Find the line that holds "2432 Whitemarsh Way, Savannah, GA" in the material below. Output that line and each one after it exactly, but not the pictures.

**RECORDS FOR THIS TASK**
=== Section Start ===

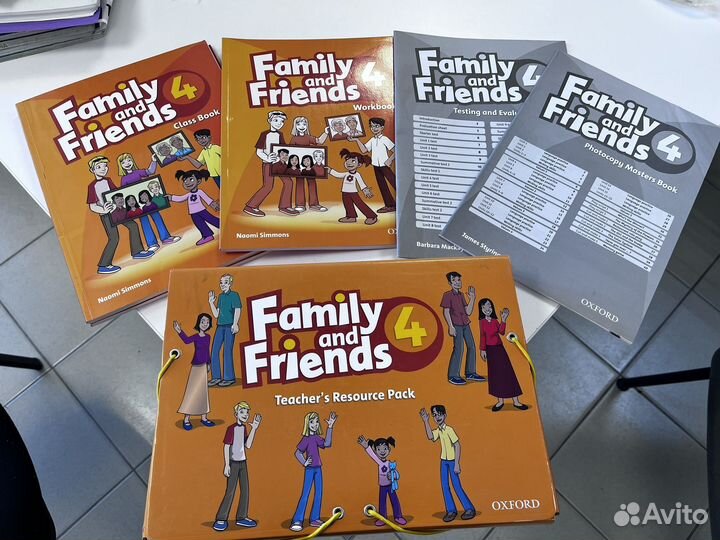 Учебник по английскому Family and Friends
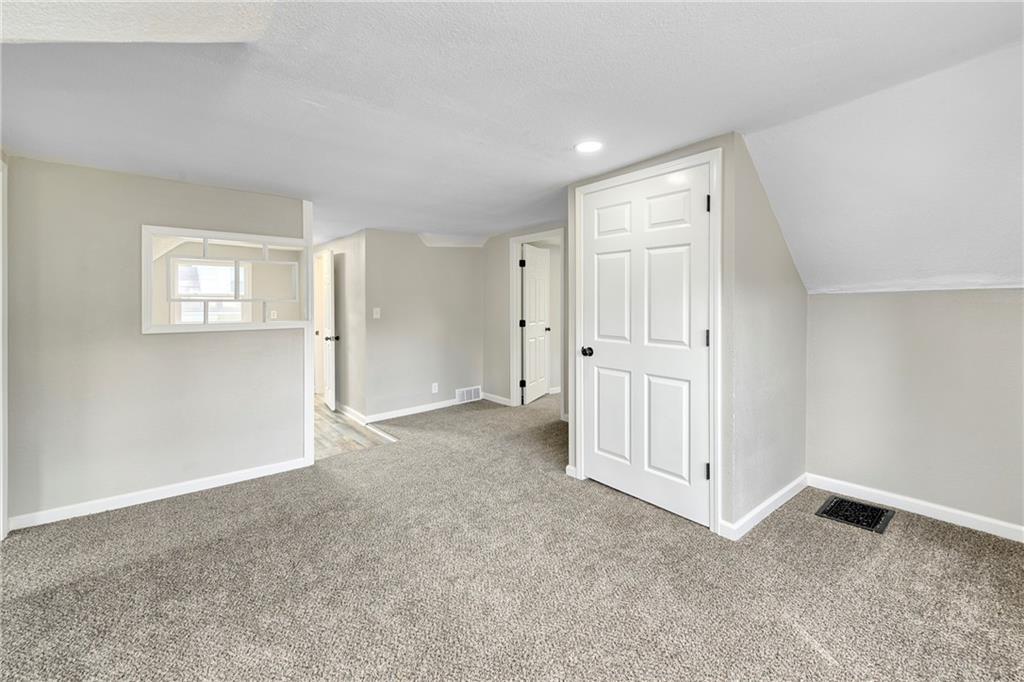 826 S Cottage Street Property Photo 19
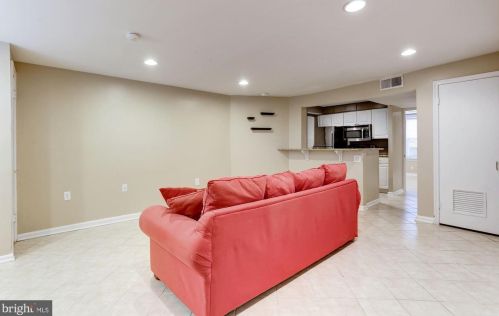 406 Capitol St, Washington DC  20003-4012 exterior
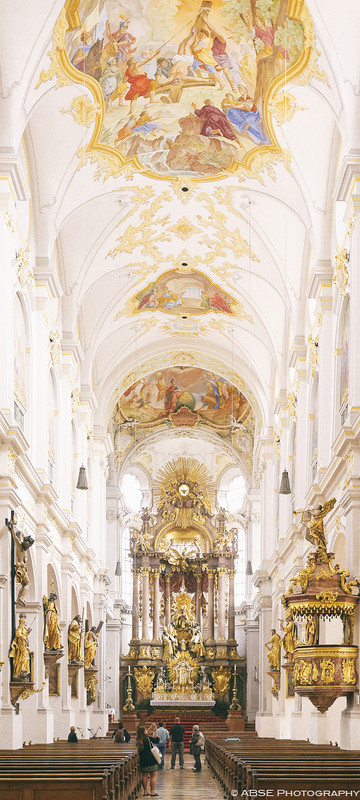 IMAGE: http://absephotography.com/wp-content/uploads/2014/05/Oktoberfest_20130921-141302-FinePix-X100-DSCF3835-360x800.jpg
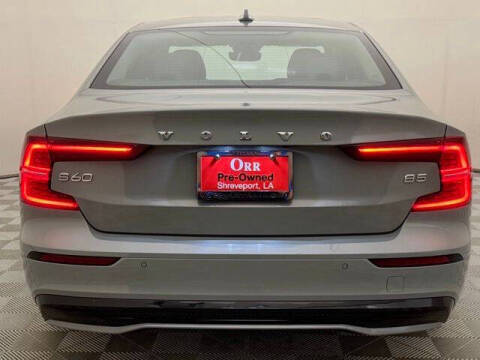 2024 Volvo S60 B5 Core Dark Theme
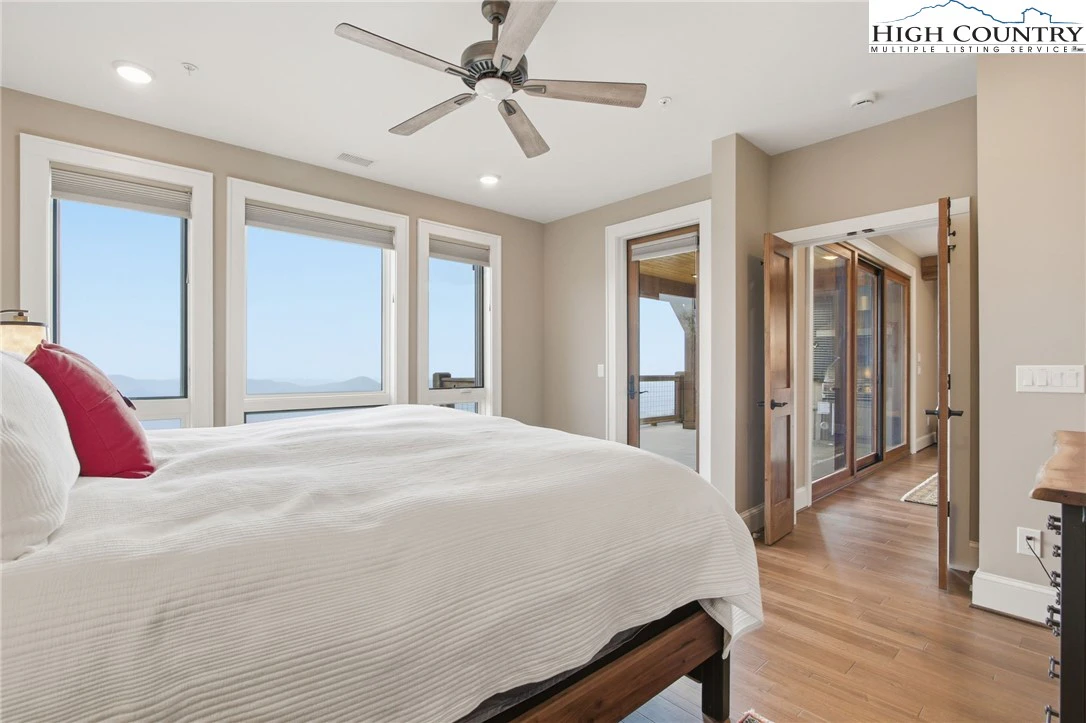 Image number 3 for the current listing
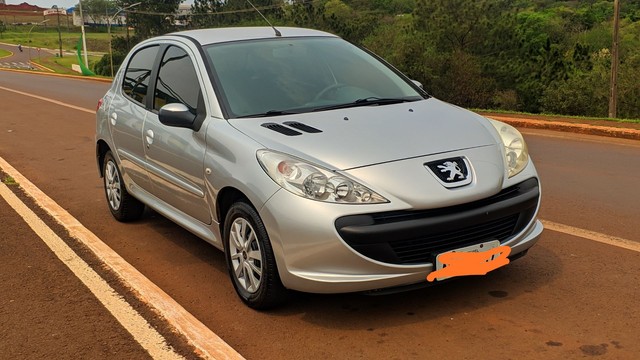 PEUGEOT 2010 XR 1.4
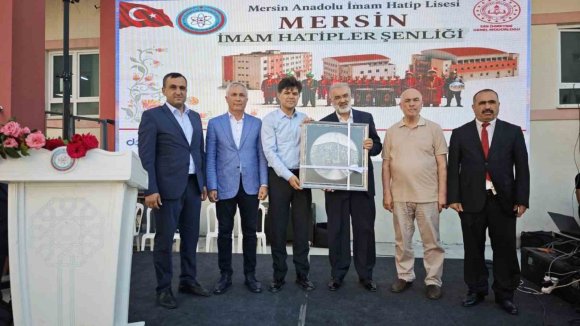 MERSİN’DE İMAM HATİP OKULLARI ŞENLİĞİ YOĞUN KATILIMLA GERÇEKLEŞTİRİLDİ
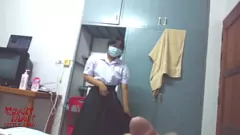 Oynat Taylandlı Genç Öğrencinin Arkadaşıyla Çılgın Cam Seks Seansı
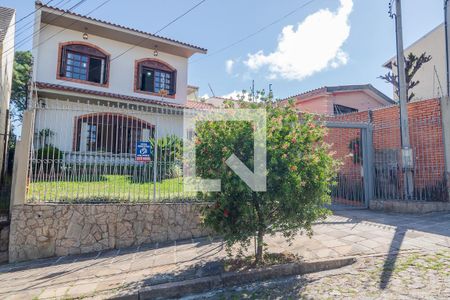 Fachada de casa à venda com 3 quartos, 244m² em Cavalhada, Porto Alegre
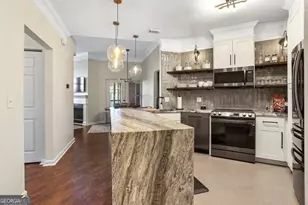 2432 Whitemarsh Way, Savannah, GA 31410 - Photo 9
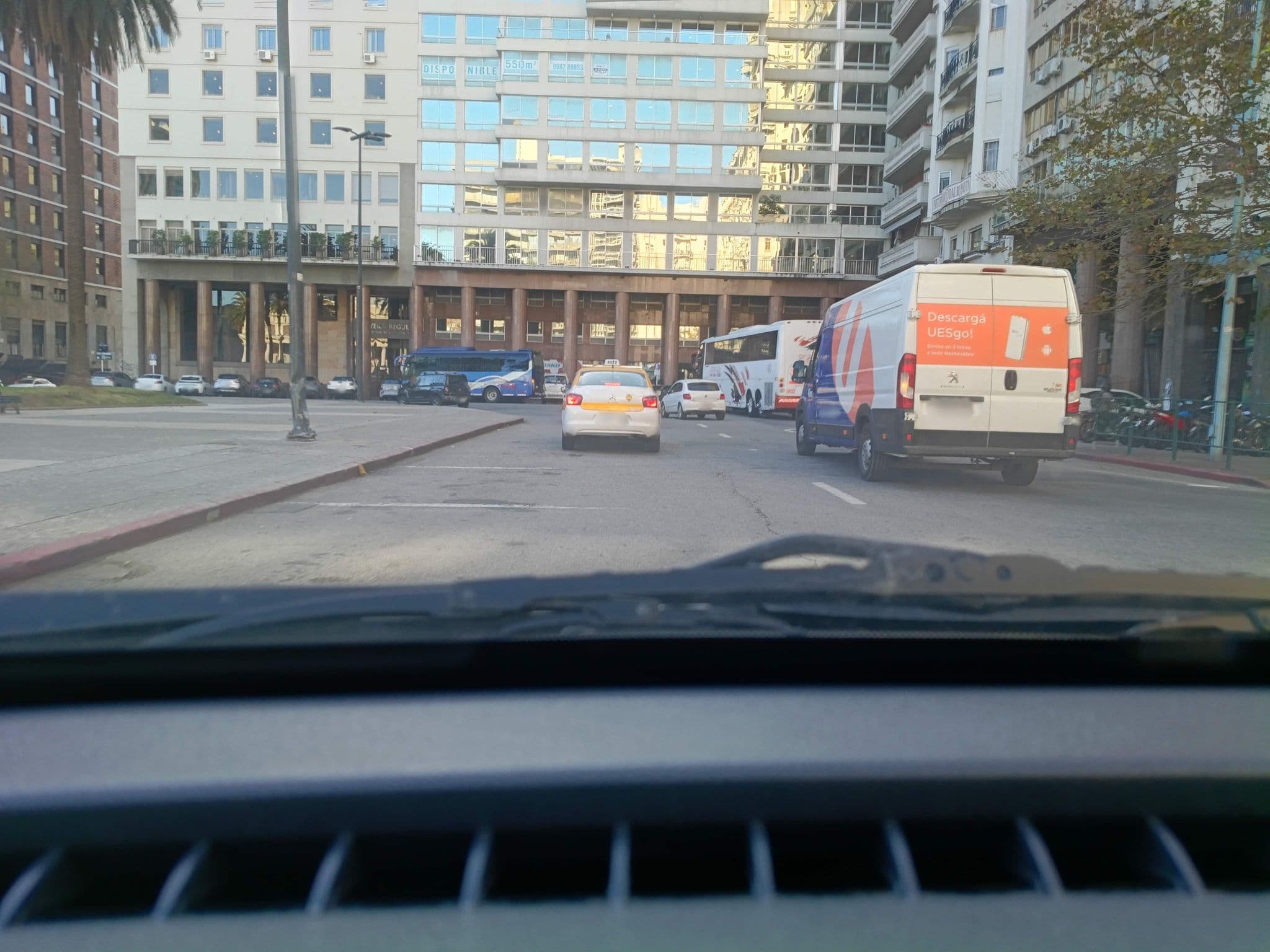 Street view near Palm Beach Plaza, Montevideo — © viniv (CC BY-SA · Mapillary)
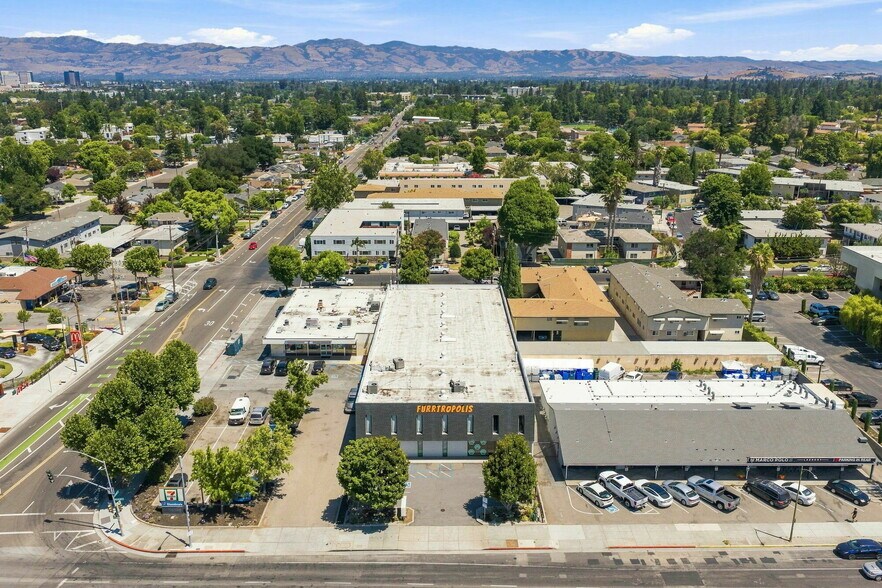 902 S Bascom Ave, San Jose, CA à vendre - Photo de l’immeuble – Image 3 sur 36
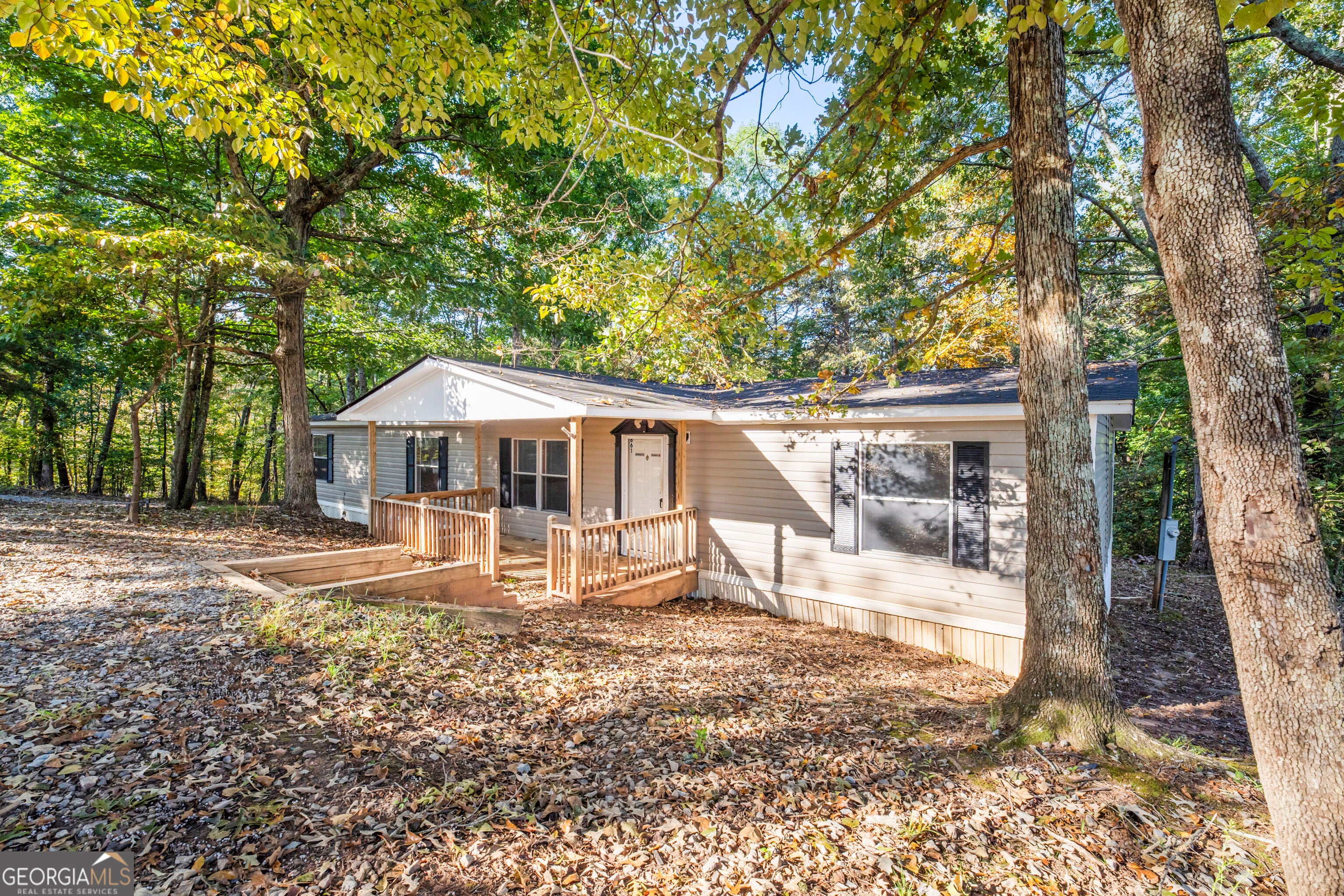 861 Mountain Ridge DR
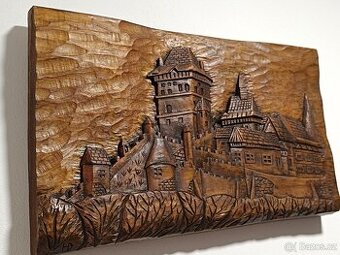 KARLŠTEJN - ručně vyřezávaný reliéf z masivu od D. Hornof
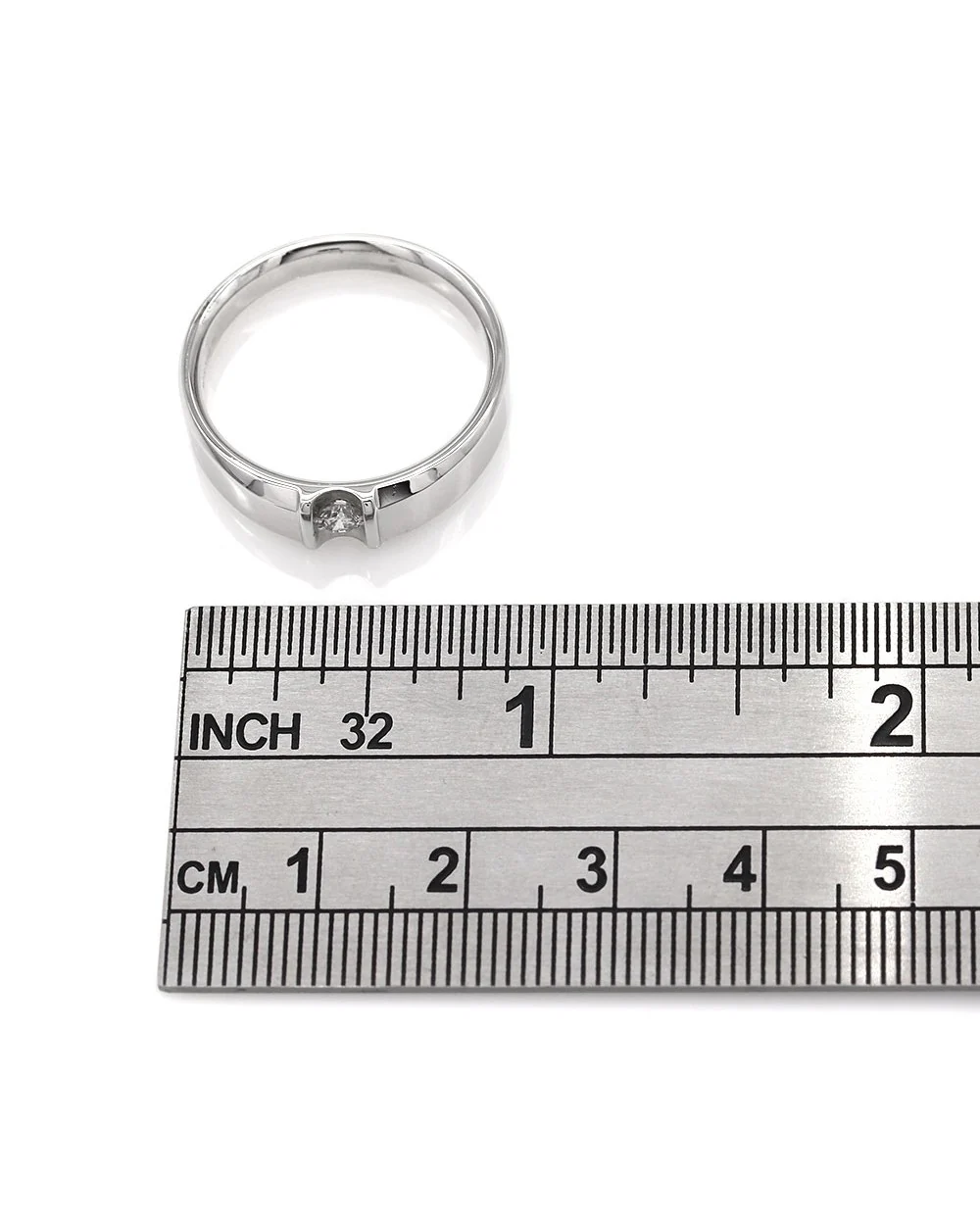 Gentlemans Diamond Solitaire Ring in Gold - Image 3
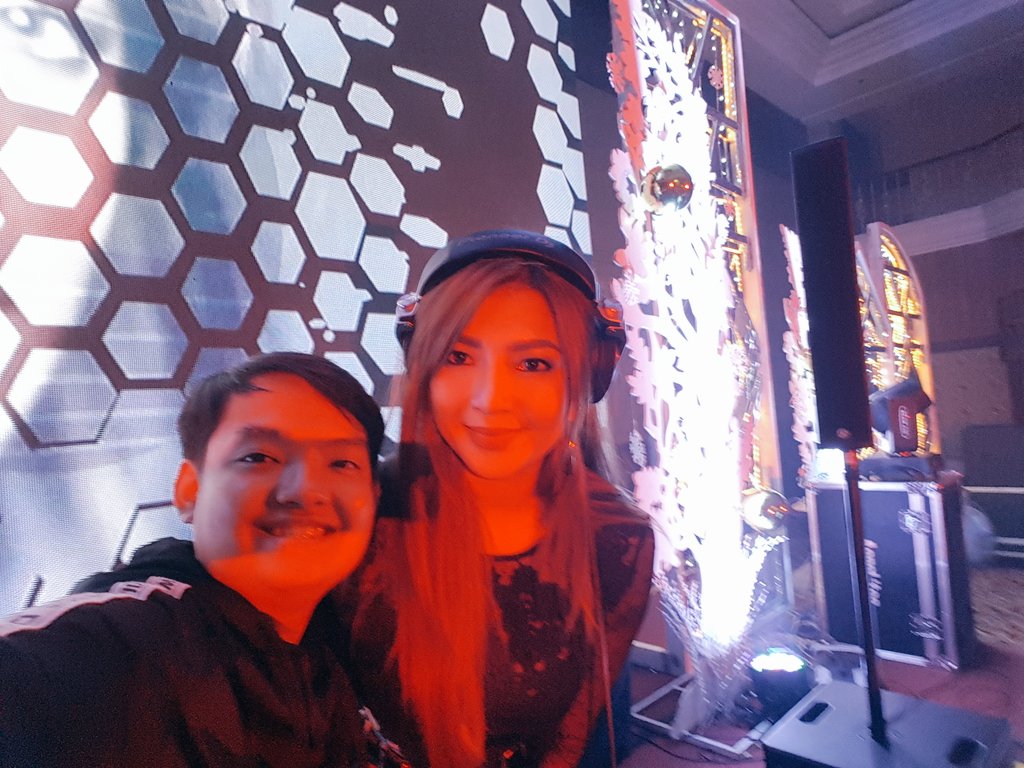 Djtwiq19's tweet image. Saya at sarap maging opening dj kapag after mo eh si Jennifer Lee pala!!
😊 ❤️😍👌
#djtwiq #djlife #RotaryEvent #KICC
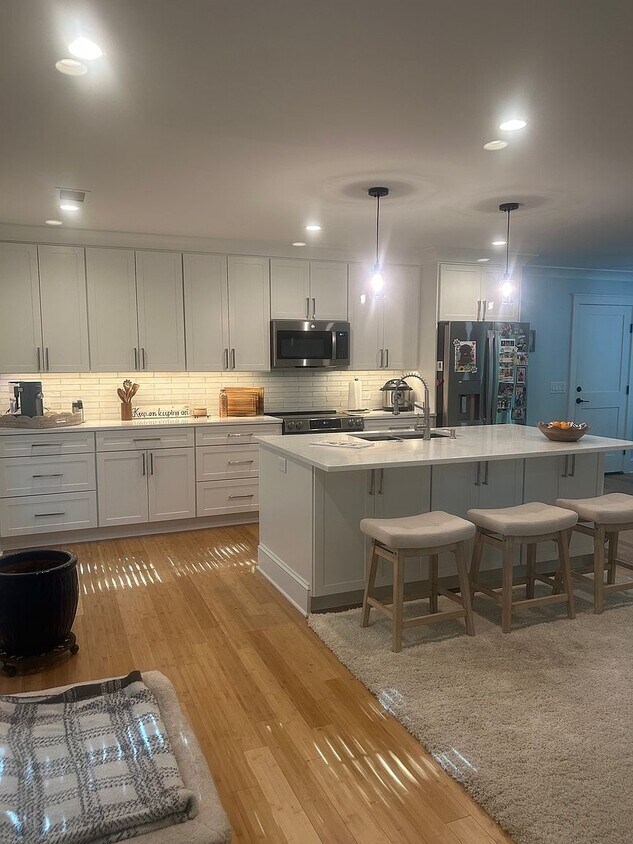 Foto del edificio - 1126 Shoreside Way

=== Section End ===

**TASK RESPONSE**
 2432 Whitemarsh Way, Savannah, GA 31410 - Photo 9
 Street view near Palm Beach Plaza, Montevideo — © viniv (CC BY-SA · Mapillary)
 902 S Bascom Ave, San Jose, CA à vendre - Photo de l’immeuble – Image 3 sur 36
 861 Mountain Ridge DR
 KARLŠTEJN - ručně vyřezávaný reliéf z masivu od D. Hornof
 Gentlemans Diamond Solitaire Ring in Gold - Image 3
 Djtwiq19's tweet image. Saya at sarap maging opening dj kapag after mo eh si Jennifer Lee pala!!
😊 ❤️😍👌
#djtwiq #djlife #RotaryEvent #KICC
 Foto del edificio - 1126 Shoreside Way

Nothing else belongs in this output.